De lijst met islamitische terreurdaden in Europa is lang. De plegers zijn allemaal moslimextremisten die korter of langer geleden Europa zijn binnengelaten of hier zijn opgegroeid. Wat ze gemeen hebben is een haat tegen de Europese samenleving.
Rot in de toelating
Het Europese asielbeleid maakt Europa onveilig. Niet alleen vanwege terreuraanslagen, maar ook door talrijke andere immigratie- en integratiemissers. Zoals het bendegeweld in Zweedse steden en het omvangrijke misbruik van Britse meisjes door Pakistaanse moslims. De praktijken van deze grooming gangs waren breed bekend bij de politie. Maar die durfde niet in te grijpen uit angst van racisme beschuldigd te worden.
De rot in de toelating, de integratie en de omgang met immigranten die een gevaar (kunnen) vormen voor de Europese samenleving zit diep. Dat heeft alles te maken met de morele opdracht die ten koste van alles vervuld moet worden: een dienstbare en nederige opstelling naar mensen elders in de wereld die het minder hebben.
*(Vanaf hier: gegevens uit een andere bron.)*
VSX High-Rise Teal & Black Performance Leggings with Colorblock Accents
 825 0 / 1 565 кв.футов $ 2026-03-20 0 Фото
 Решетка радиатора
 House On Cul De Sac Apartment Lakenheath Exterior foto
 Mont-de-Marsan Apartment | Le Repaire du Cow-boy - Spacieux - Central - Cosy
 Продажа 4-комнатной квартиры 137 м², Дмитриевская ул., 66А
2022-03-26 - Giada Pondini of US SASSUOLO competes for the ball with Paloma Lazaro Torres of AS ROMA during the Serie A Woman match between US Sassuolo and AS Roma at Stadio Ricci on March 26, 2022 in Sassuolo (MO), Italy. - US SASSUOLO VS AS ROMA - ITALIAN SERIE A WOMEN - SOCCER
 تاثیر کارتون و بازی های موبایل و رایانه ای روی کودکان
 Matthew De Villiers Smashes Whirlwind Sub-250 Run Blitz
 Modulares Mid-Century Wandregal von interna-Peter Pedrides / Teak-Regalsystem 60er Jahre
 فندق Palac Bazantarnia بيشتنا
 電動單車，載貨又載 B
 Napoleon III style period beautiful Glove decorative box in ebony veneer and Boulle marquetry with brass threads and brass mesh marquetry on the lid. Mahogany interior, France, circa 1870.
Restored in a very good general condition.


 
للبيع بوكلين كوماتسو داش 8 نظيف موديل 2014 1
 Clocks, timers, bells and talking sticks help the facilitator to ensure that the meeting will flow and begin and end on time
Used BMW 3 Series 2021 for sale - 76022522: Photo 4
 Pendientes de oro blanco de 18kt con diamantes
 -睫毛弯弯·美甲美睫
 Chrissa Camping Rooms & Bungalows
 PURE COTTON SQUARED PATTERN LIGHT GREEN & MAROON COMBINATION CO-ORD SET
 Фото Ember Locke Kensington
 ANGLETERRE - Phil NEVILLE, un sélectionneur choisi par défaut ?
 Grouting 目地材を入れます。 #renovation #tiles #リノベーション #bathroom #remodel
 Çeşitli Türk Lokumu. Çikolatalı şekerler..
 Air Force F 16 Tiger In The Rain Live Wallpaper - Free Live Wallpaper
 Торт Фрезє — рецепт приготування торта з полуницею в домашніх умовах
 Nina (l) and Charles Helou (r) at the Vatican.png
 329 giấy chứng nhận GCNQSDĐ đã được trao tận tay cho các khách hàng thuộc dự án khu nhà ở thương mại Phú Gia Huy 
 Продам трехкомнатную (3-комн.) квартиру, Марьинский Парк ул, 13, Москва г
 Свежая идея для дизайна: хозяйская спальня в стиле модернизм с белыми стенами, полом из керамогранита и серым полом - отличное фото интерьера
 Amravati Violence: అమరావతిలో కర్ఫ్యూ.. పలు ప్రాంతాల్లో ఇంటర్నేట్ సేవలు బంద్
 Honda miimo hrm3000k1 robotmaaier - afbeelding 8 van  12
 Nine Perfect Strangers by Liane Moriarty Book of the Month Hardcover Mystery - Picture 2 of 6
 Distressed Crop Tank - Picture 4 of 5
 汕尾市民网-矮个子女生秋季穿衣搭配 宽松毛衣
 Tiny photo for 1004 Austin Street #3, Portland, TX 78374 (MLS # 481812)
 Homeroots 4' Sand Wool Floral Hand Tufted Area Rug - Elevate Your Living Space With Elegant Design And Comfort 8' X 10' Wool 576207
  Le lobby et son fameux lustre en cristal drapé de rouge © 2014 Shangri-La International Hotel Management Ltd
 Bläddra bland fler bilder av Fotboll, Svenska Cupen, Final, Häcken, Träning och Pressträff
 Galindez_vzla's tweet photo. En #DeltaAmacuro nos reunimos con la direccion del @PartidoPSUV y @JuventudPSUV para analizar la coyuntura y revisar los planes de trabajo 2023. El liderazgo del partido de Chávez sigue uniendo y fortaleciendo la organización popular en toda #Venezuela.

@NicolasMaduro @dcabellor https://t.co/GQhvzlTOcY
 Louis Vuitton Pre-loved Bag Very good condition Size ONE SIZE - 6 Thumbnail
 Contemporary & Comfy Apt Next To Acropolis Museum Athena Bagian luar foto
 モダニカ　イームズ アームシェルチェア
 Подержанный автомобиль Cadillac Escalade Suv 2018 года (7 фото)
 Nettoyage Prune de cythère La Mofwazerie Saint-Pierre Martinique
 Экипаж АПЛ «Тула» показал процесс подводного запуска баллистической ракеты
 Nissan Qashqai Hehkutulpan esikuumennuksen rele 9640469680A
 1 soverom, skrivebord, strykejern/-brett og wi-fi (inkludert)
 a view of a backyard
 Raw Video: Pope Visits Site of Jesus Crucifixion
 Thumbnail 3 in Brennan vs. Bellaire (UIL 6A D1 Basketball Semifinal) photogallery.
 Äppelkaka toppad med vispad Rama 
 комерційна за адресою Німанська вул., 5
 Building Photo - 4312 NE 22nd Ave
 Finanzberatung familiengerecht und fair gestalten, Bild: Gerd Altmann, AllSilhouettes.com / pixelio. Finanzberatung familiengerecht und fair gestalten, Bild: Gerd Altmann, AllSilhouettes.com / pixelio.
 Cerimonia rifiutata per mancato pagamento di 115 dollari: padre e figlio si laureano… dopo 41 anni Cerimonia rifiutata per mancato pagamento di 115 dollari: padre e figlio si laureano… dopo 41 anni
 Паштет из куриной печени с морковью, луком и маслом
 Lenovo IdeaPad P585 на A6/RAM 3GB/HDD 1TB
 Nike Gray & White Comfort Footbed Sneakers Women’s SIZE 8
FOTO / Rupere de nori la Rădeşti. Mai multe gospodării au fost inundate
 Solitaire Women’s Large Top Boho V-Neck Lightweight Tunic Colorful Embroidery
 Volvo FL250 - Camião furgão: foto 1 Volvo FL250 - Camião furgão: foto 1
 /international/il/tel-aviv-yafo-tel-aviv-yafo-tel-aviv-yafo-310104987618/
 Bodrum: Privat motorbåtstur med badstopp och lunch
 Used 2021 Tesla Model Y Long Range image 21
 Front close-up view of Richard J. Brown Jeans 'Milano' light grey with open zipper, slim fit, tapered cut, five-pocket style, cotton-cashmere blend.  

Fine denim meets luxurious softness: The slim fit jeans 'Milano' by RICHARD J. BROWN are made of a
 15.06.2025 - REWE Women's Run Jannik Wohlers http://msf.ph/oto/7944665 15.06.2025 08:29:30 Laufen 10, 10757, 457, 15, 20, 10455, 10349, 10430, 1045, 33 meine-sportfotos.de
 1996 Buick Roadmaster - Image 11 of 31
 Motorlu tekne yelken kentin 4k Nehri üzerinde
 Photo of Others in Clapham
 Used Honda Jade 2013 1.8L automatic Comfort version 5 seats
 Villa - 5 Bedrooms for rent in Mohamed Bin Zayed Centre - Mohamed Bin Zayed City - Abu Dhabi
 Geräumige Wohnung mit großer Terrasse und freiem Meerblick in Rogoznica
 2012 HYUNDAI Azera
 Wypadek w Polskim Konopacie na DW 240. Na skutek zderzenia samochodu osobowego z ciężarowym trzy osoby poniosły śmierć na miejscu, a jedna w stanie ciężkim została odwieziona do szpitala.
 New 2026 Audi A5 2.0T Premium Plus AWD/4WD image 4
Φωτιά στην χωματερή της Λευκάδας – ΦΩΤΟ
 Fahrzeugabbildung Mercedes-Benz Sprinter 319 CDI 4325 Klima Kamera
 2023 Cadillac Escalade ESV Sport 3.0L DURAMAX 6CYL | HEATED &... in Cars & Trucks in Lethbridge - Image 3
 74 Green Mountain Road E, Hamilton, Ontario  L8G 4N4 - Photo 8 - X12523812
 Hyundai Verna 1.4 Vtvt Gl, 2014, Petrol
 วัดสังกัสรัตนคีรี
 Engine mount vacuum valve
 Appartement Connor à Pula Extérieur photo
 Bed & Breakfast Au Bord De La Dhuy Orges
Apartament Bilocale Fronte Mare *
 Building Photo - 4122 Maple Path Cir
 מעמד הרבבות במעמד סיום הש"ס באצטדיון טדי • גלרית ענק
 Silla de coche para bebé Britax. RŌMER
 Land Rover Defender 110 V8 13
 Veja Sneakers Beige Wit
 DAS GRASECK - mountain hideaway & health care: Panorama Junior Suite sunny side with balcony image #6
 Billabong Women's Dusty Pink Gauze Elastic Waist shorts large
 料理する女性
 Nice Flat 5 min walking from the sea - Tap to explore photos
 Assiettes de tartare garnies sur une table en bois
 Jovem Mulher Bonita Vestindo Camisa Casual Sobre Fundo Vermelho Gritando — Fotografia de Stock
Met hun achterstand ’verdienen’ zij het voordeel van de twijfel en verschaffen zich de toegang tot de Europese samenleving.
Wat voor de opvang van 3,5 miljoen Syrische vluchtelingen tussen 2015 en 2017 gold, geldt volgens velen nog steeds: ’Wir schaffen das’ – het gaat ons lukken. Het bleek de grootste beleidsblunder uit de politieke loopbaan van de veelgeprezen Duitse bondskanselier Angela Merkel. Merkels woorden waren uit de lucht gegrepen. Het was haar gok. De Duitse samenleving was er niet klaar voor, ook in de jaren daarna niet.
Europa vangt mensen van alle kleuren, religies, etniciteiten en nationaliteiten op. Het gaat bij veel van hen goed. Europese landen herbergen probleemloos al meer dan vier miljoen vluchtelingen uit Oekraïne. De groep waarmee het mis gaat zijn migranten met een islamitische achtergrond. Niet automatisch, niet iedereen, maar de ontspoorde jongeren, de geradicaliseerde mannen, het religieuze fanatisme, het verzet en de haat tegen de westerse samenleving, de aanslagen: ze komen exclusief uit die hoek.
IJdele hoop
Het zou hoopvol zijn als de Europese moslimgemeenschappen politieke en religieuze leiders voortbrengt, die erkennen dat de onverdraagzame islam voor iedereen in Europa een groot gevaar is, ook voor moslims zelf. Leiders ook die erkennen dat de moslimgemeenschap in Europa daar zelf verantwoordelijkheid voor draagt.
Die hoop is vooralsnog ijdel. In Duitsland hebben de Centrale Raad van Moslims en de invloedrijke Milli Görüs-beweging met geen woord gerept over het islamitisch motief van de Syrische moordenaar van Solingen.
Als dat zo blijft, rest Europa een selectief immigratiebeleid met een rem op islamitische asielzoekers en migranten. Nog langer om de olifant in de kamer heen lopen, leidt tot meer aanslagen en onveiligheid. Kiezers zullen in nog groteren getale radicaal-rechtse politici aan de macht helpen als de huidige partijen hun plicht verzaken Europese burgers voldoende veiligheid te bieden.